You never know where you might find pieces of the fair... Take, for example, the rotating platform that was part of the Festival of Gas pavilion, sponsored by the U.S. gas industry. At the fair, the platform served as part of an exhibit aimed at showing all the wondrous appliances you could get in the near future. Oh, and they just happened to be gas powered. The large platform went into storage following the fair.
Meanwhile in Columbia, South Carolina, plans were being made for a new building at the University of South Carolina. According to the Spring 1967 edition of USC Magazine, the university decided a rotating restaurant was just the thing to top the new Capstone Building residence hall.
"South Carolina will soon have an attraction comparable to those of Seattle, London, an other major cities," the magazine proclaimed. But where to find the rotating platform required for such an ambitious project? As luck would have it, the answer was sitting in a storage facility outside of New York City: The turntable from the Festival of Gas exhibit.
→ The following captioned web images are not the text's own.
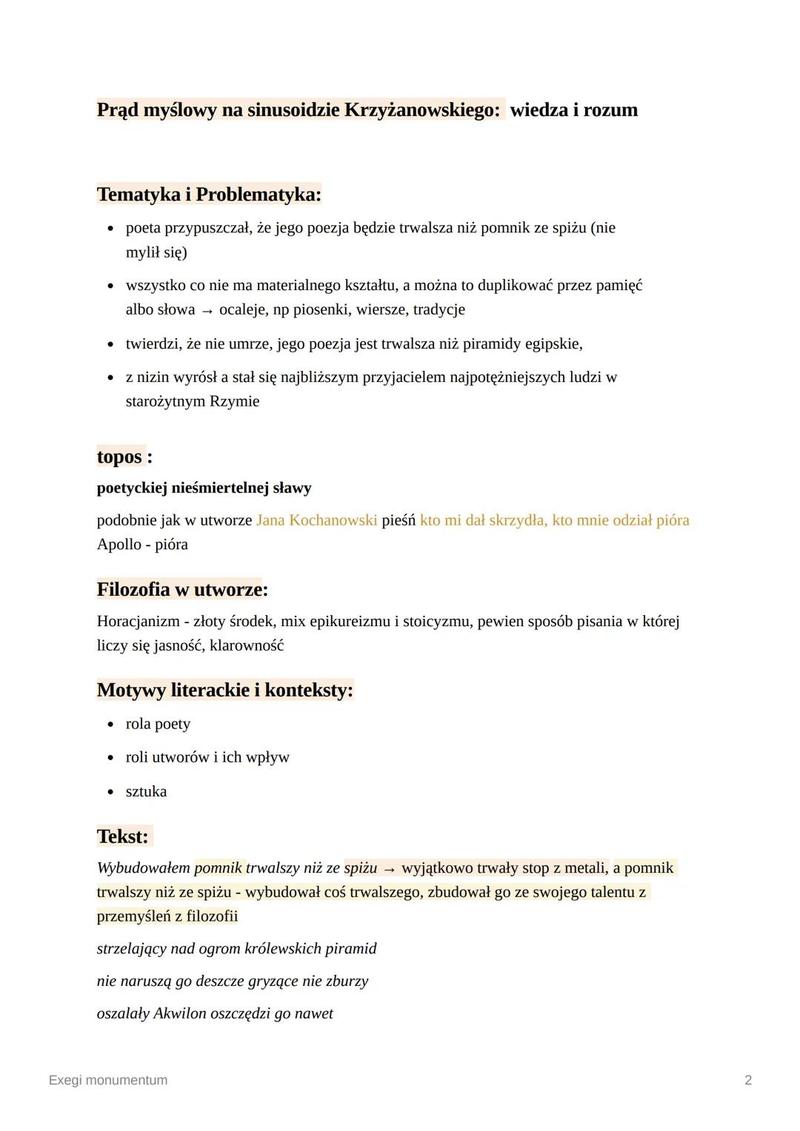 Motyw exegi monumentum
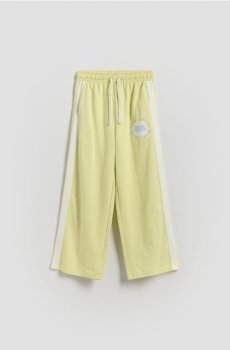 Reserved - Трикотажні штани з боковою смужкою - світло-жовтий - 127HN-10X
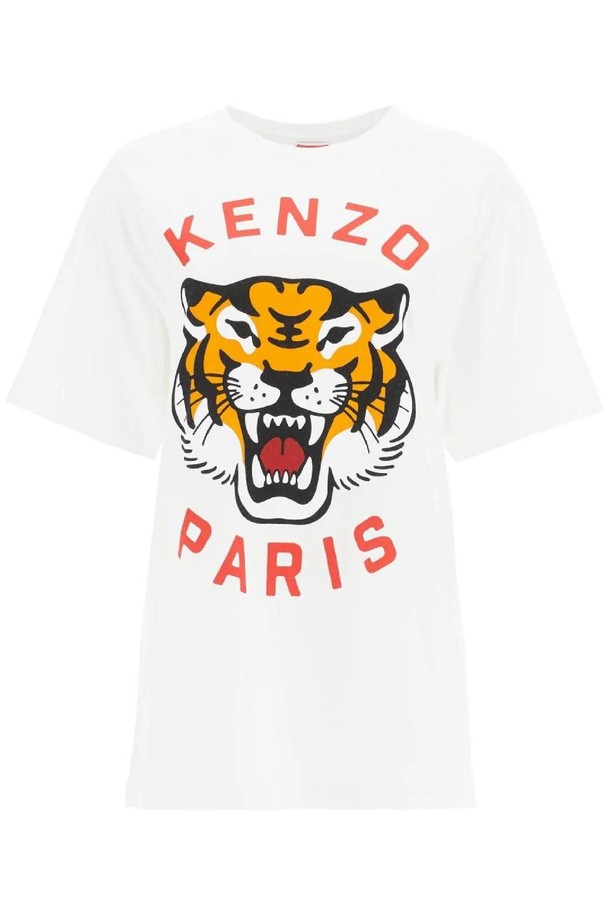 KENZO - 반소매 티셔츠 - 겐조 여성 티셔츠 lucky tiger crew neck t shirt NB02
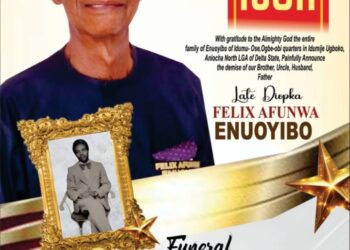 Diokpa Felix Enuoyibo Goes Home Tuesday, August 5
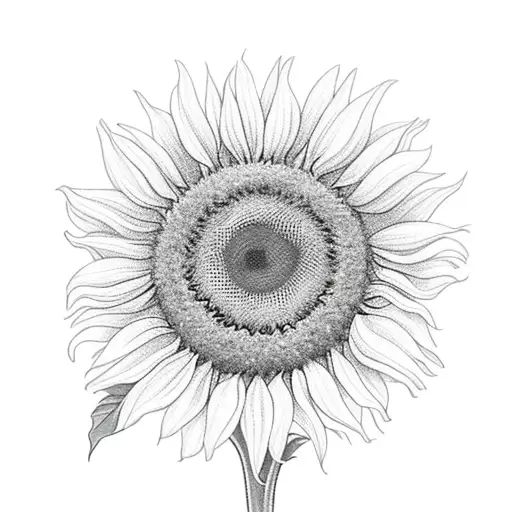 Sunflower In Vivid Colors With Ladybug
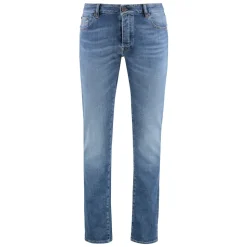 Vaqueros Slim Fit con logo de cuero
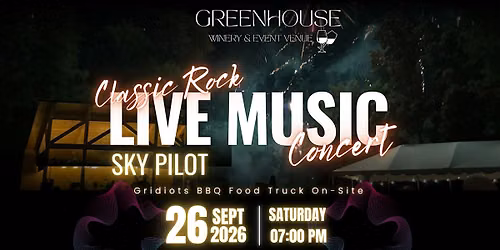 Sky Pilot Live at Greenhouse Winery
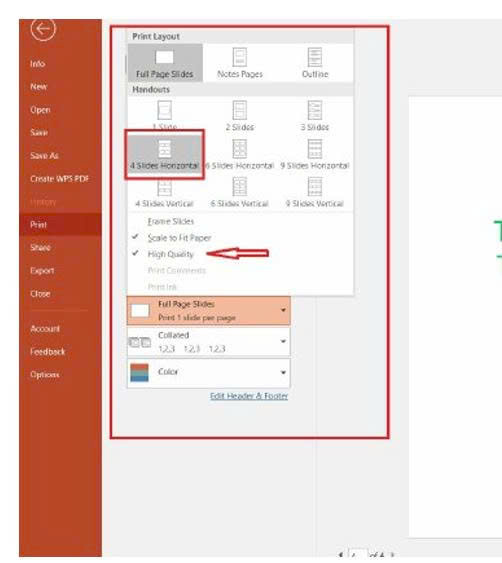 Học tin học cấp tốc ở thanh hóa Nếu bạn muốn in 4 slide trên 1 mặt giấy, hãy làm theo các bước sau đây nhé!Bước 1:Mở file PowerPoint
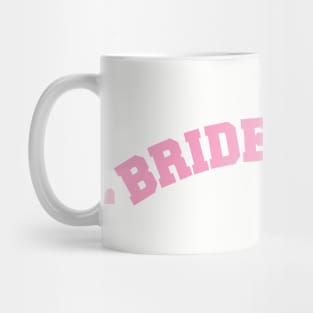 Bridesmaid Varsity Lettering with Hearts Mug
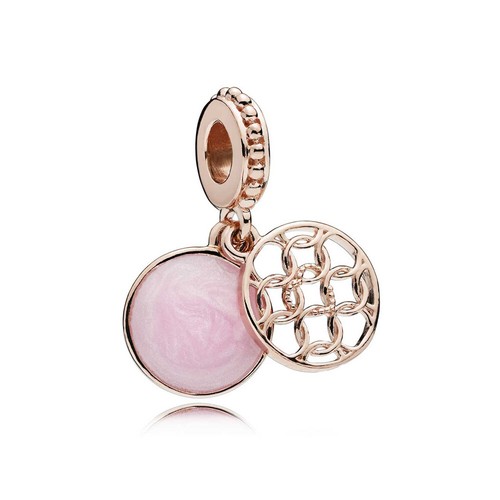 Charm pandora rosa motivo - charm,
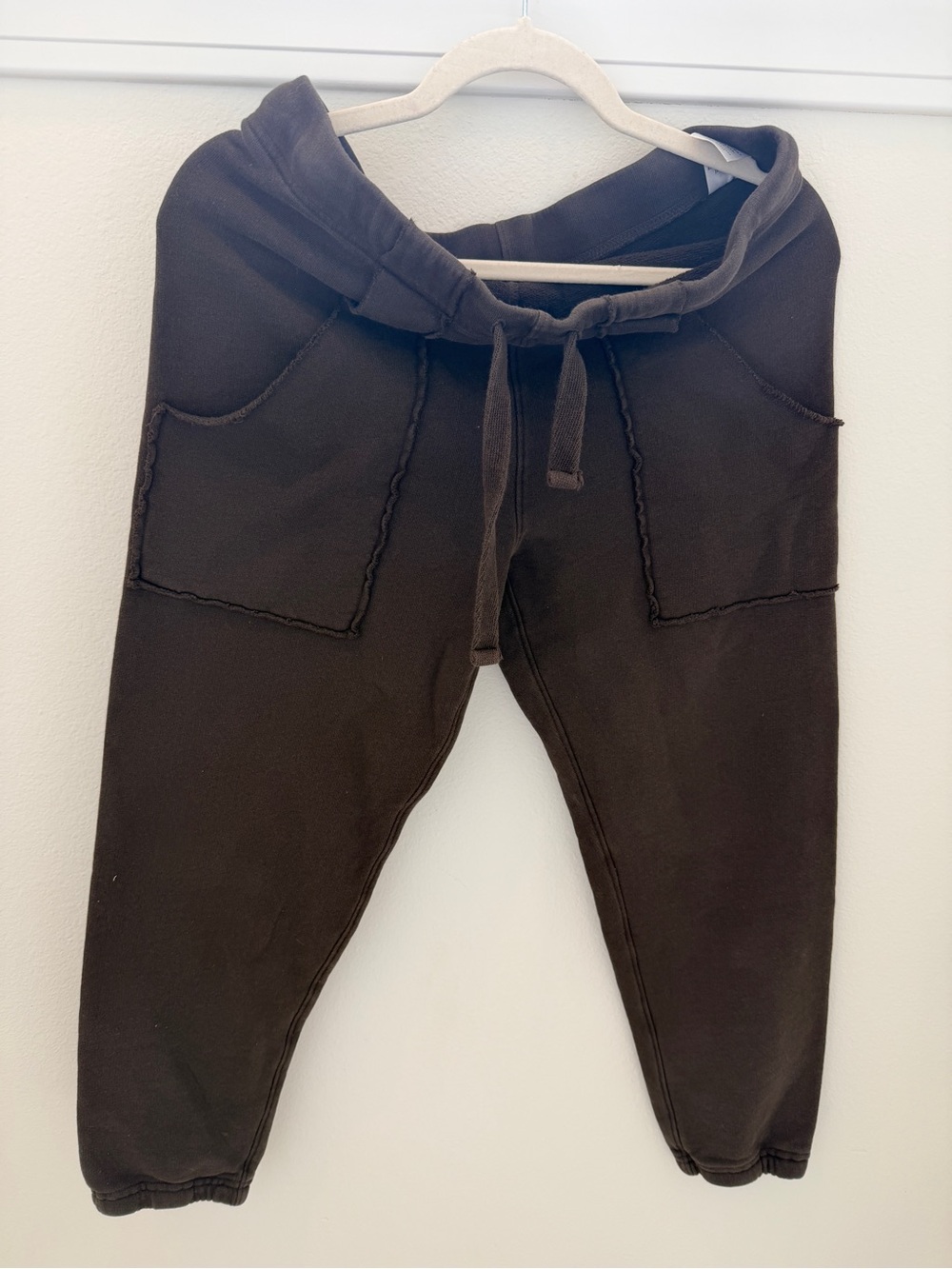 Frank & Eileen Dark Brown Drawstring Jogger Pants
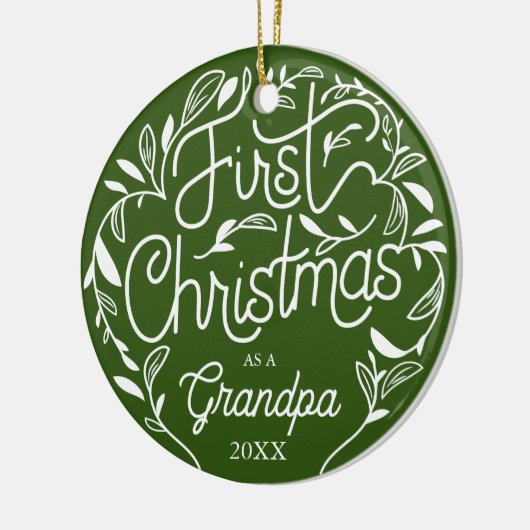 Eerste kerstfeest opa Grandma Ceramic Ornament (Links)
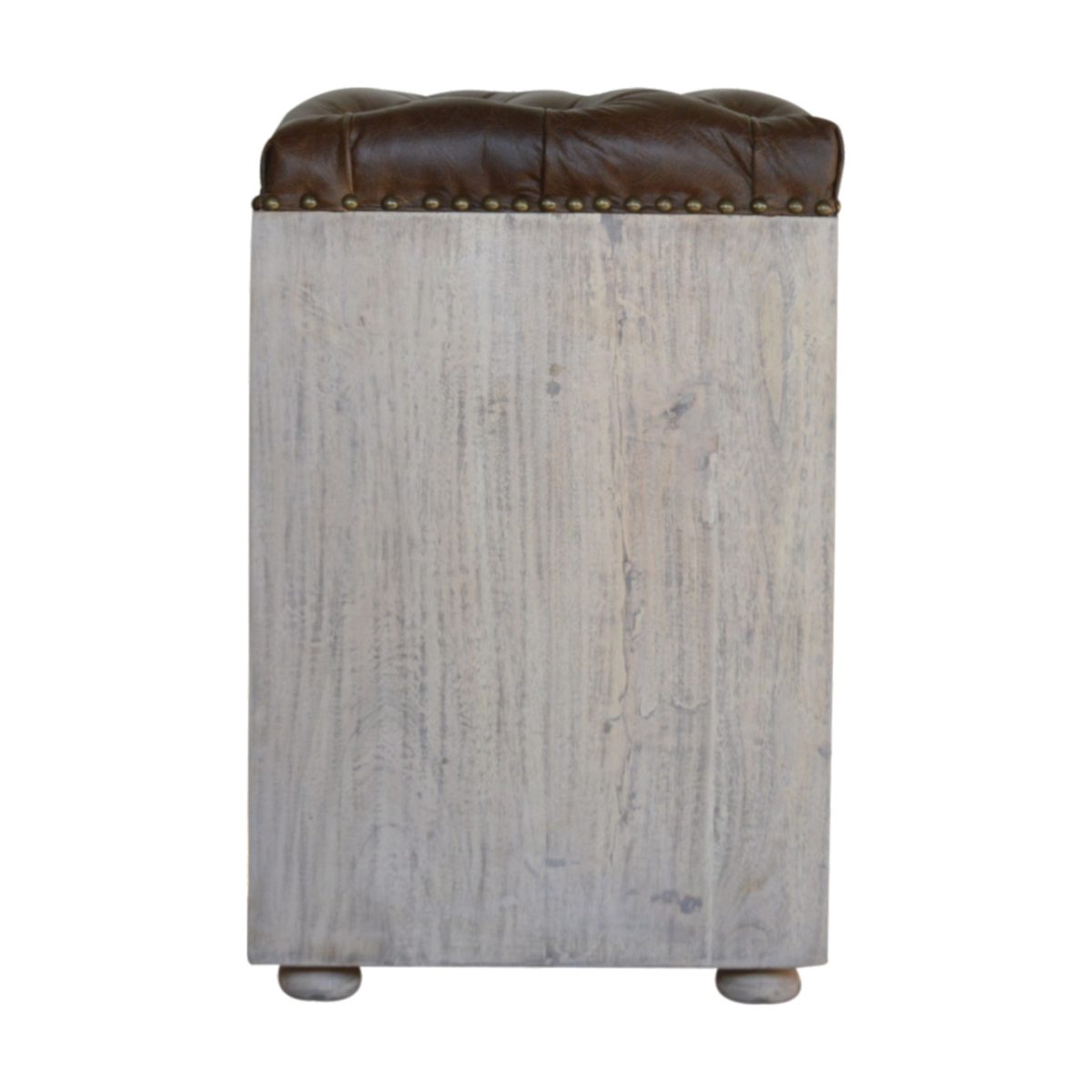 Leather Seat Storage Bench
As Helen Zeigler, the University of South Carolina's Vice President of Business and Facilities Management explained to us, the Festival of Gas turntable was within three inches of the clearance space of the rotating restaurant design. That sheer coincidence made the turntable a perfect candidate for the project.
Today, the space serves home to the Top of Carolina restaurant, and is open to the public on Sundays. The stunning vistas of the Columbia area make the space a popular meeting/event destination too.
It was a great visit, and we look forward to taking you there as part of the film.